FERNANDO.— Dos. Eran mejicanos nacionalizados.
(Deja el libro.)
DAMA.— Ah, qué bien ha hecho usted en leerme esos datos. Esa
estadística me señala el camino de mi raza. ¡Me gustaría tanto morir por
amor! Desgraciadamente, para eso no basta una voluntad; hacen falta
dos… ¿Usted me ayudaría?
FERNANDO.— Honradísimo, señora, pero… estoy comprometido ya.
Tengo que suicidarme mañana con una pianista polaca.
DAMA.— Siempre llego tarde.
FERNANDO.— Perdón.
DAMA.— ¡Y cuántas veces lo he soñado! ¡Esas parejas japonesas que
se lanzan cogidas de las manos y coronadas de crisantemos, al cráter del
Fusi-Yama!
FERNANDO.— Una muerte bellísima. Desdichadamente, España es
un país arruinado: no nos queda ni un miserable volcán para estos casos.
(La DAMA TRISTE se sienta. Suspira desolada.) Y ahora, si me hace
usted el honor de una confidencia, ¿por qué quiere morir?
DAMA.— ¡Por tantas cosas!
FERNANDO.— ¿Puede decirme alguna?
DAMA.— Desilusión absoluta. Este mundo de la materia no es el mío.
Odio todo lo grosero: la carne, la tiranía de los músculos y la sangre.

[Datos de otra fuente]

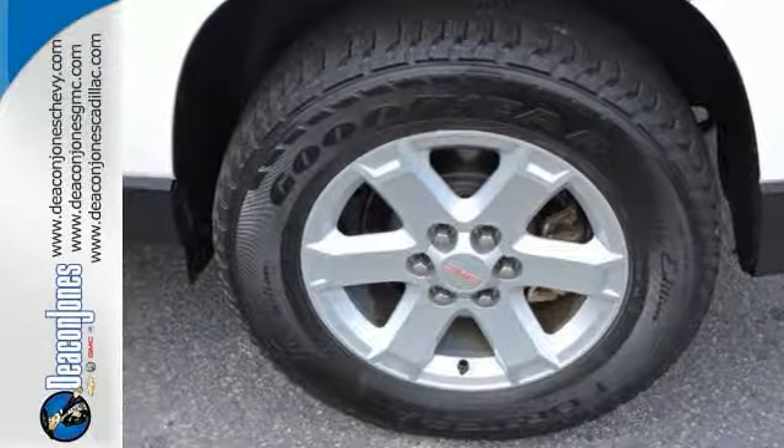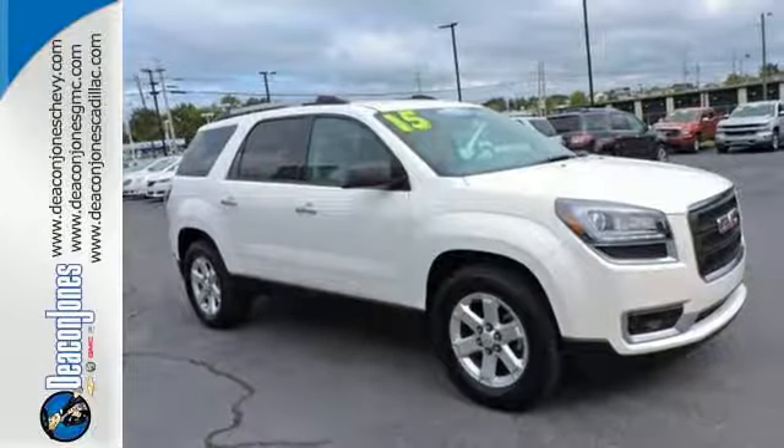It gives you the confidence you deserve. Come test drive this GMC today.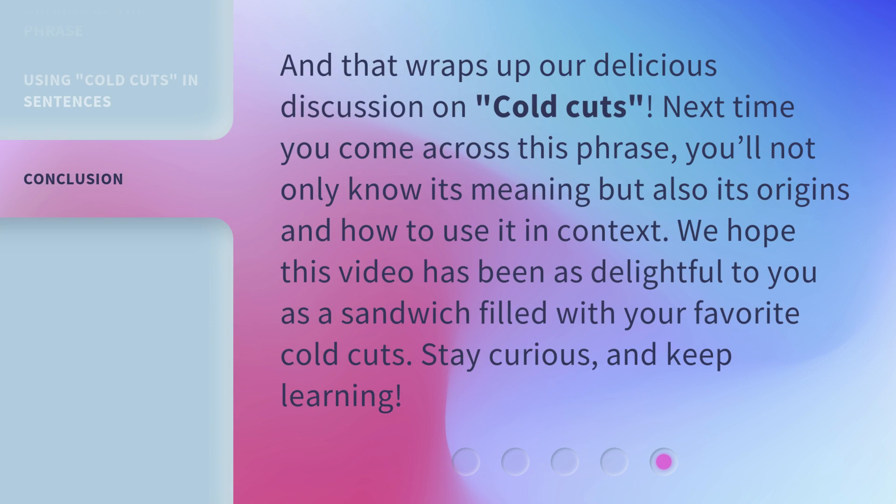And that wraps up our delicious discussion on cold cuts. Next time you come across this phrase, you'll not only know its meaning but also its origins and how to use it in context. We hope this video has been as delightful to you as a sandwich filled with your favorite cold cuts. Stay curious, and keep learning!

Quisiera haber nacido planta, agua de torrente, ¡alma sola! Tengo lástima
de este pobre cuerpo mío, que no me ha proporcionado nunca más que
dolor.
FERNANDO.— ¿Y por lástima de su cuerpo ha decidido usted
quitárselo de en medio? Me parece excesivo. Es lo que llaman los
alemanes, tirar el agua del baño con el niño dentro.